Dans l’enquête de 1993 et dans la présente, le niveau d’éducation est devenu un déterminant extrêmement important des intentions éducationnelles. Il y a un rapport très net entre l’intention de la personne interrogée de continuer à se former et son niveau d’éducation – plus son niveau d’éducation est élevé, plus elle souhaite atteindre un niveau d’éducation élevé. Par exemple, dans le groupe de gens possédant une formation universitaire, 31,93% indiquent qu’ils n’ont pas l’intention de continuer leur formation; dans le groupe des gens de niveau secondaire, ce pourcentage monte à 47,3% pour atteindre dans les groupes de gens de niveau primaire et inférieur au primaire respectivement 78,65% et 92,86%. Parmi ces diplômés, 16,87% déclarent vouloir fortement à très fortement continuer à se former alors que parmi ceux de niveau secondaire, ce pourcentage chute à 12,86%; parmi ceux de niveau primaire à 6,74% et ceux ayant le niveau le plus bas d’éducation à 4,76%.

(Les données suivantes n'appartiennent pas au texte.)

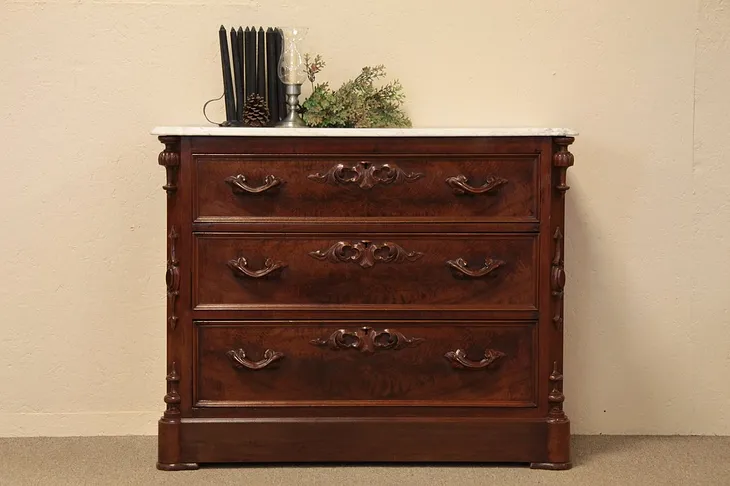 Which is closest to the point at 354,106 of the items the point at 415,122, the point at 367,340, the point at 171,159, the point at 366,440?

L’influence de facteurs comme le niveau d’éducation de la personne interrogée et l’année de l’enquête sur l’intention de continuer des études s’affiche clairement sur la fig. 3.
Fig. 3: Intensité de l'intention des personnes interrogées de continuer à étudier en fonction de de leur éducation et de l'année de l'enquête
Les facteurs année de l’enquête et niveau d’éducation des personnes interrogéesýont une influence considérable sur les intentions de poursuivre sa formation. Les gens ayant un niveau d’éducation plus élevé ont de plus fermes intentions de continuer des études. Parallèlement, les personnes interrogées en 1999 ont en moyenne une intýntion plus marquée de continuer à se former par rapport à celles interrogées en 1993. Le fait que l’interaction entre les deux facteurs indépendants affecte sensiblement les intentions de formation mérite une attention particulière. En d’autres termes, en 1993 et en 1999, on constate une différence dans la manière où l’éducation acquise par la personne influe sur son désir de continuer à se former. Comme on le constate à la fig. 3, en 1999, l’effet sur les intentions éducationnelles des gens de niveau du collège technique supérieur d’une part et universitaire d’autre part, est presque égal. On observe donc un recul de l’écart important dans le degré d’intention constaté en 1993, entre l’influence de l’éducation secondaire et de l’éducation primaire. Si ces changements se maintiennent et s’amplifient au cours des années à venir, nous aurons toute raison de parler de l’effet cumulatif des préférences éducatives. En d’autres termes, le degré de l’intention de continuer à se former sera approximativement égal pour les gens de niveau d’éducation différent.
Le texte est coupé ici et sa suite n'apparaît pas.